Dive Brief:
- Dollar store retailer 99 Cents Only named Jack Sinclair, the company’s chief merchandising and marketing officer, as its new CEO, according to a Friday press release from the company. Sinclair joined 99 Cents Only in 2015 and once headed Walmart’s U.S. grocery business.
- Sinclair will take over the CEO spot from Geoffrey Covert, who is retiring. As part of the executive shuffle, Jason Kidd, senior vice president of store operations, has been appointed as chief operating officer.
- 99 Cents Only also announced that it expected revenue for the previous fiscal year to be as much as $2.27 billion — a potential rise of 12% from $2.02 billion in the previous year — and that same-store sales rose by as much as 8.5%. The retailer expects fourth quarter same-store sales to be up 6% to 7%, making for eight consecutive quarters of positive same-store sales, 99 Cents Only said.
Dive Insight:
The deep discounter’s shift in chief executive comes as 99 Cents Only tries to keep its balance sheet under control.
99 Cents Only Stores operate in a low-margin space that's only gotten more competitive as Dollar General, Dollar Tree, Walmart and others battle for market share. According to CreditRiskMonitor, which tracks the financial risks associated with companies with publicly traded stock or bonds, 99 Cents Only’s risk of filing for bankruptcy is as high as 50%. (In determining risk, the service looks at stock volatility, credit agency ratings, key financial metrics and predictive data gathered from the use of its own platform.)
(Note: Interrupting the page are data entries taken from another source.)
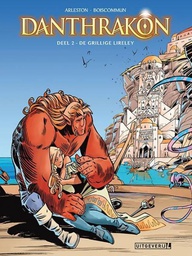 [9789088866876] Danthrakon 2 De Grillige Lireley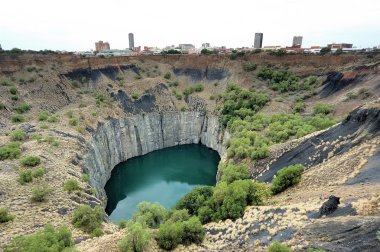 büyük delik, kimberley 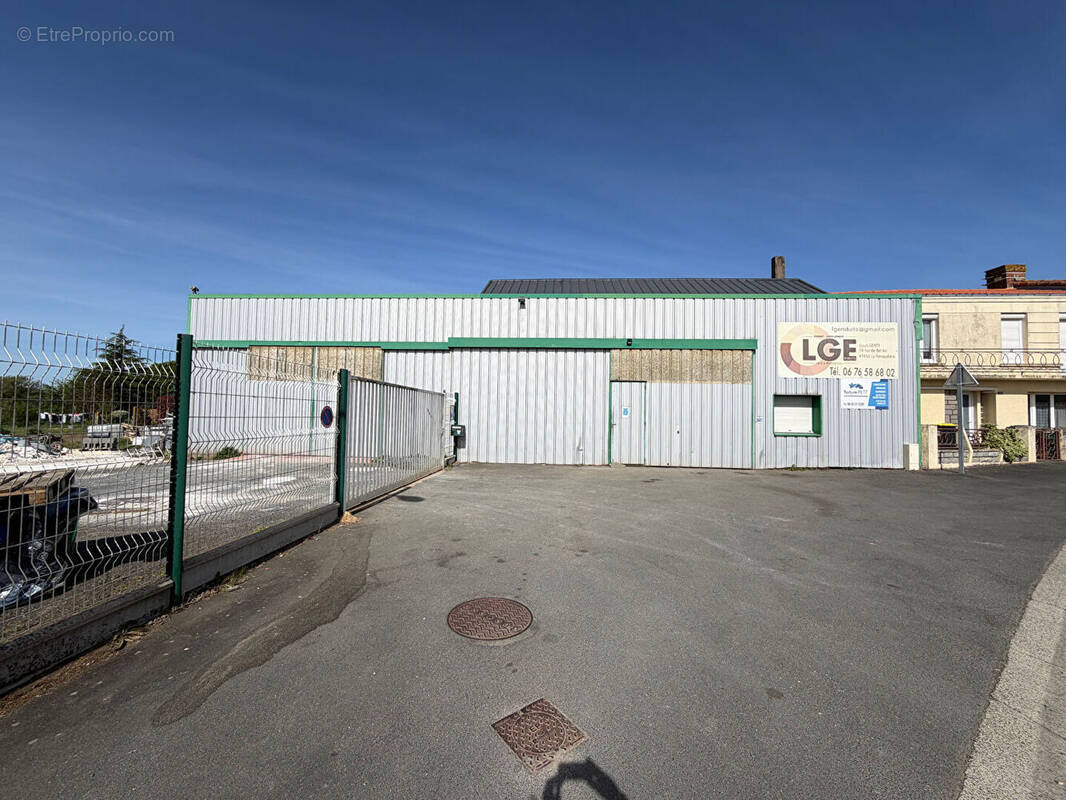 Maison à LA RENAUDIERE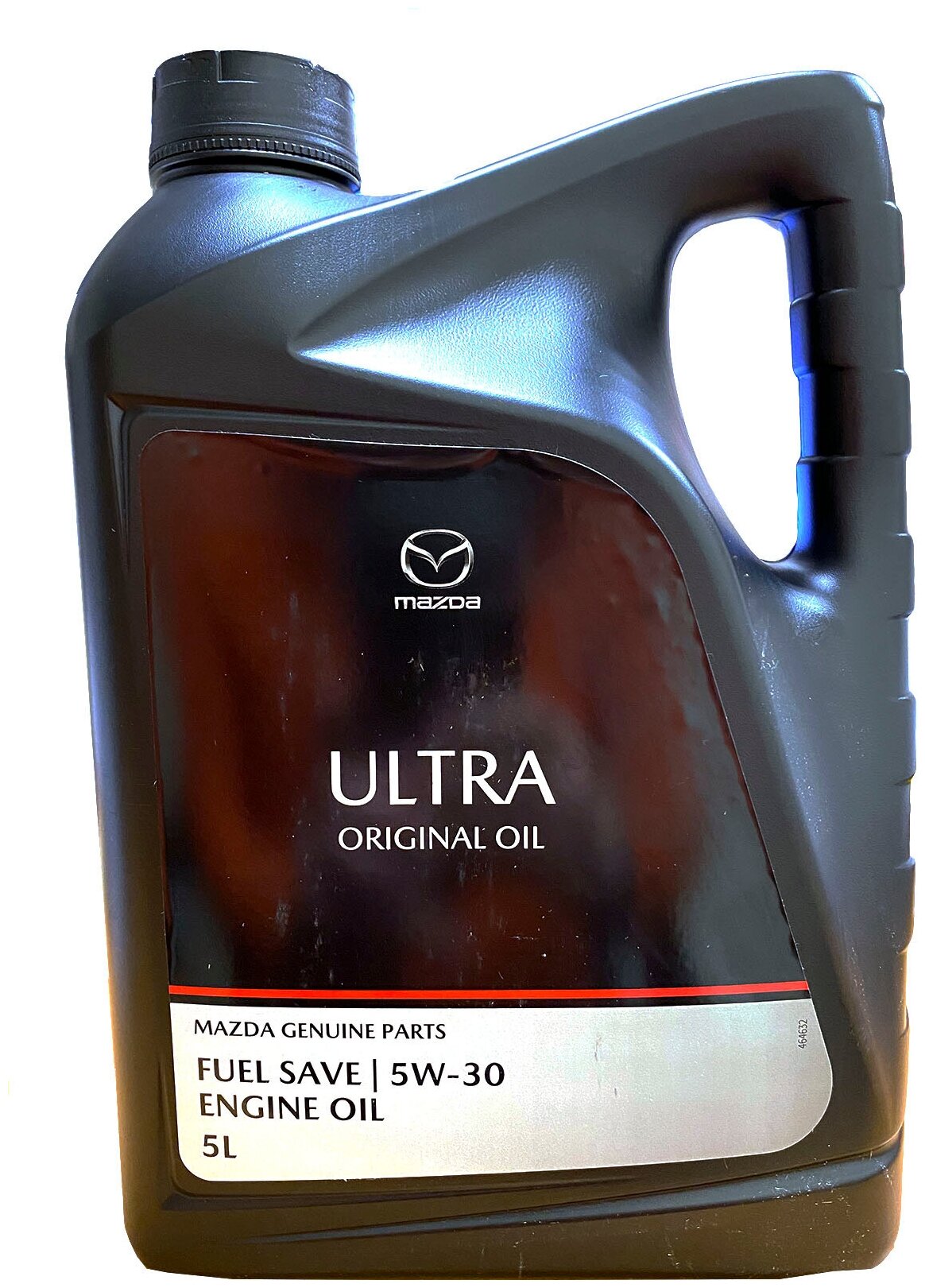 Синтетическое моторное масло Mazda Original Oil Ultra 5W-30, 5 л .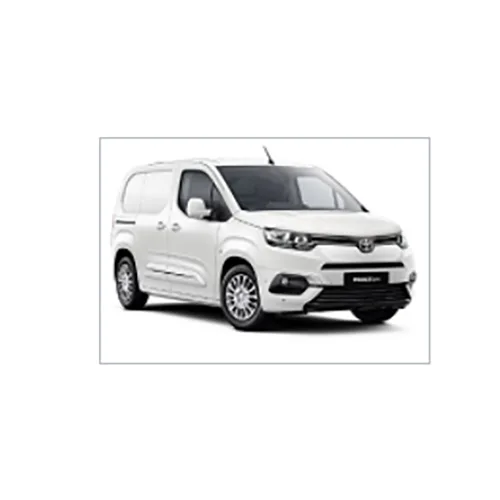 Furgone passeggeri / Veicolo commerciale leggero «Proace, Proace Verso, Proace City and Proace City Verso» (Toyota)
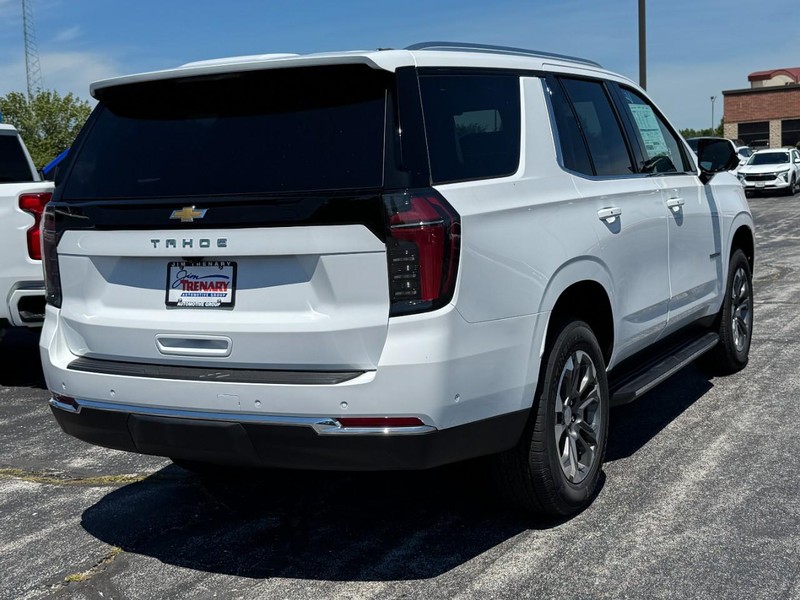 Chevrolet Tahoe Vehicle Image 03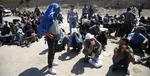 پیک موتوری فروش مواد «رکسانا» و سِرو مشروب در سفره خانه «ماندانا »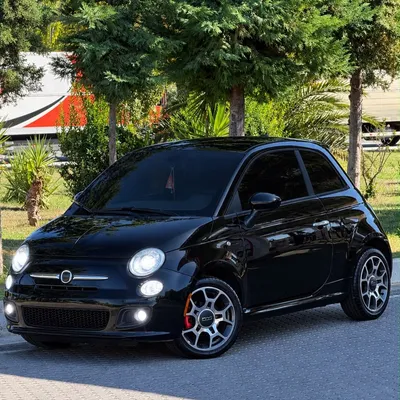 Fiat 500 2014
The 35-year-old chain is yet another struggling retailer owned by private equity. (Ares Management, the Canadian Pension Plan Investment Board and the Gold-Schiffer family bought the chain out in January 2012.)
Despite the discount retailer's high leverage and debt rates, it has seen some success in improving performance. In June, the company reported a net sales increase of 6.7% and same-store sales increase of 6.9%, which Covert attributed to improvements in merchandising and stocking as well as improved logistics execution and reduced shrink. Moody's analysts also point out that 99 Cents Only has installed a perpetual inventory system and has seen positive same-store sales growth for several quarters in a row.
Yet, the company is still losing money. For the first half of the previous year, the company narrowed its loss by nearly $20 million compared to last year, to $42.4 million. Its sales increased during that time as well by about $8 million, to $1.1 billion.
In November, 99 Cents Only said it had amended a term loan facility by three years, from 2019 to 2022. As part of the arrangement, $130 million of the existing first lien term loans held by the the company’s equity sponsors were converted to a new second lien term loan facility. In December S&P, which had downgraded the company in the fall, upgraded the retailer’s debt, saying 99 Cents Only had better liquidity as a result of the amendment. But S&P also issued a negative outlook at the time over analysts' view that "leverage remains very high, and we still view the company's capital structure as unsustainable."
In one effort to boost sales, the company unveiled a new website this year, meant to improve the user experience and create a "treasure hunt experience" through a feed of social content generated by customers.